CSDE Affiliates Hill, Otten, and Buszkiewicz Examine Health Effects of Minimum Wage Policy
Posted: 2/15/2020 (CSDE in the News and CSDE Research)
A key motivation for increasing minimum wages is to induce positive health outcomes for adult workers. However, CSDE Affiliates Heather Hill and Jennifer Otten, along with their co-author James Buszkiewicz, find no overall association between minimum wage increases and health in their recent article published in the American Journal of Epidemiology—“State Minimum Wage Rates and Health in Working-Age Adults using the National Health Interview Survey”—this is an outcome that contrasts with results of previous studies finding positive health benefits from minimum wage policies.
The authors use a rigorous “triple difference” strategy with a sample of more than 131,000 adults to find associations between state minimum wages and adult obesity, body mass index, hypertension, diabetes, fair or poor health, and serious psychological distress. Though Hill, Otten, and Buszkiewicz find no overall association between these health factors and minimum wage, they do find varying health outcomes within different sub-groups of the sample. For example, the authors find that wage increase is associated with higher rates of obesity among people of color.
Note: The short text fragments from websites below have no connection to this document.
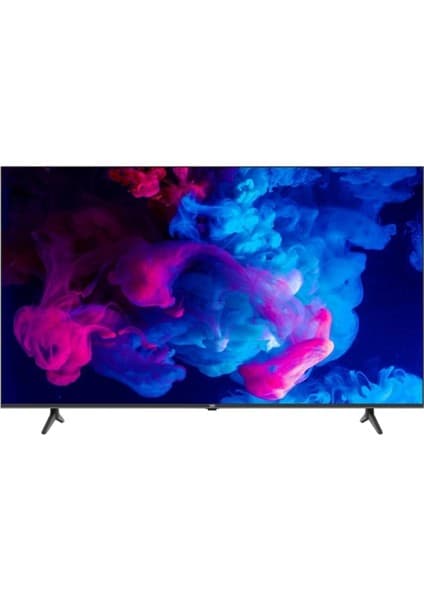 Beko B65 Q 987 A 65 " 165 Ekran Uydu Alıcılı 4K Ultra HD Google Smart QLED TV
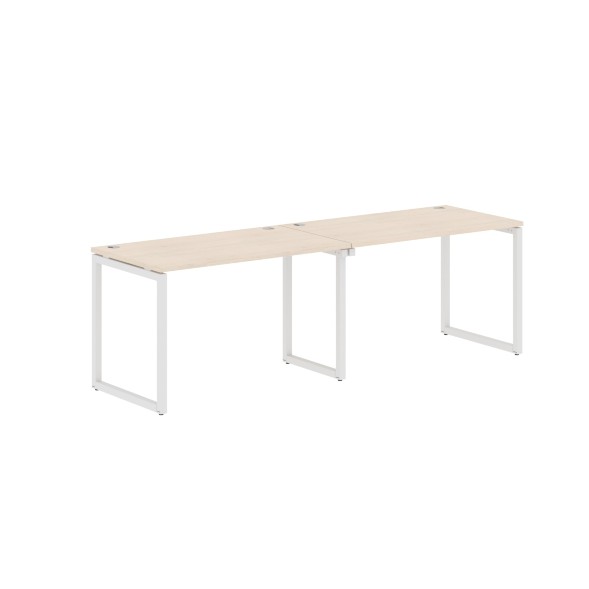 Стол 2-х местный XQWST 2470 2406х700х750 в Рязани 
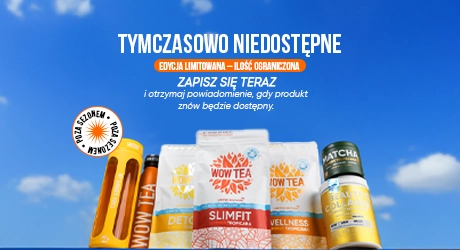 Summer Tropicana Herbaty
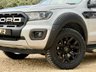 USED 2021 21 FORD RANGER 2.0 EcoBlue Wildtrak Pickup Double Cab 4dr Diesel Auto 4WD Euro 6 (s/s) (213 ps) 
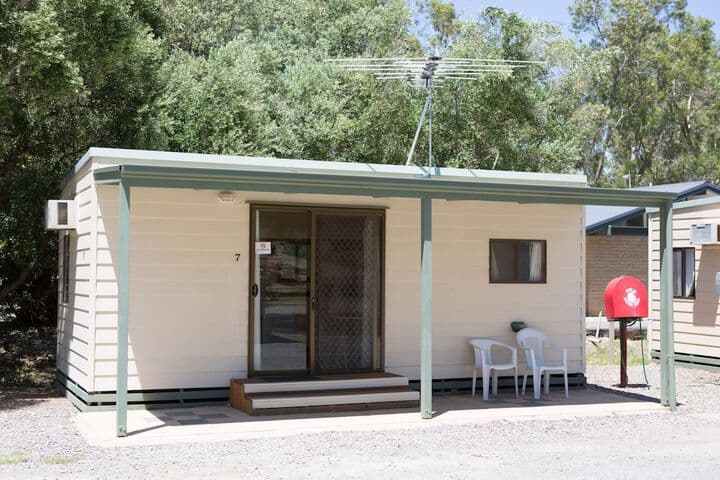 Discovery Parks Barossa Valley photo 5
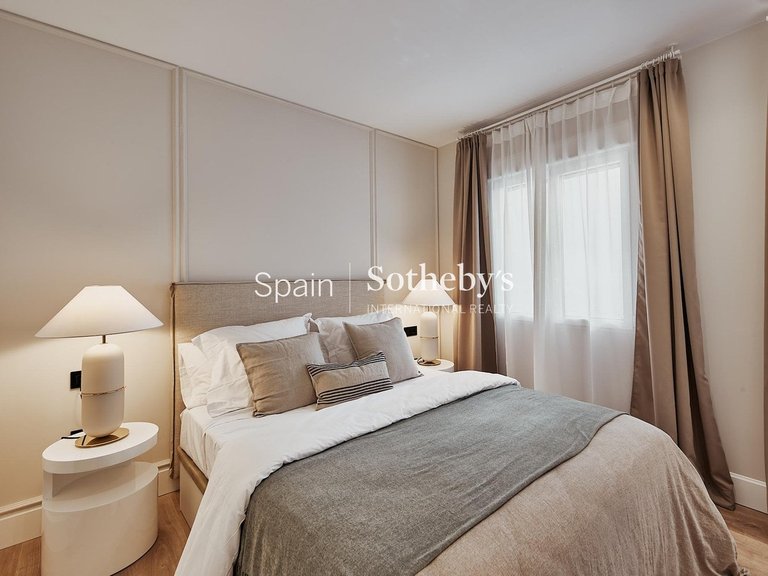 Apartment for Sale in Madrid, Madrid 12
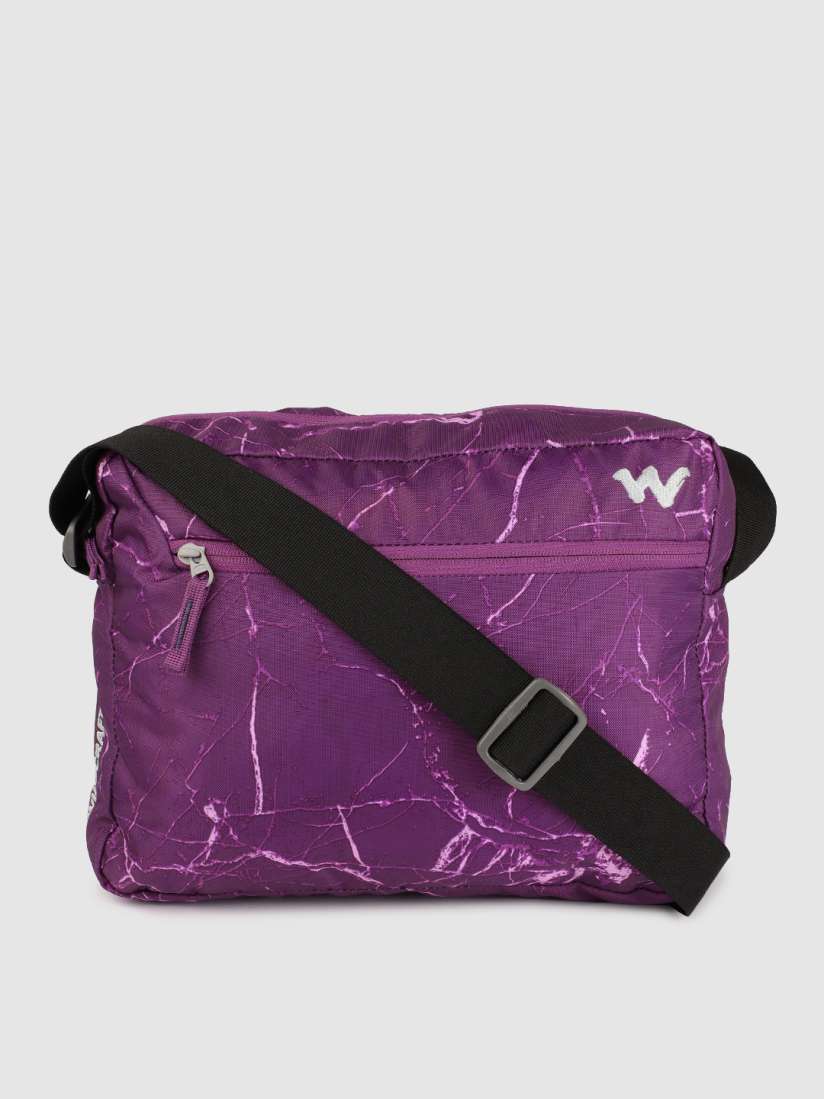Wildcraft messenger bags myntra online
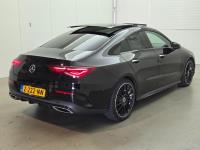Mercedes-Benz CLA-klasse 180 AMG Line | 2023 | 55.246 km | Automaat | Z222NN | NAP: Geen oordeel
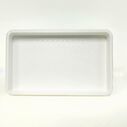 Yamaha 6YC Digital Gauge Cover (rectangle white) image number 4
This new study can help inform policymakers as they consider minimum wage increases. In an article for UW News, Hill stated that “cities and counties are increasing minimum wages with very good intentions, which is to benefit lower-earning workers and reduce inequality, and yet we still need more research evidence on the effects of the minimum wage on health…In particular, we need to understand how it affects different types of workers differently.”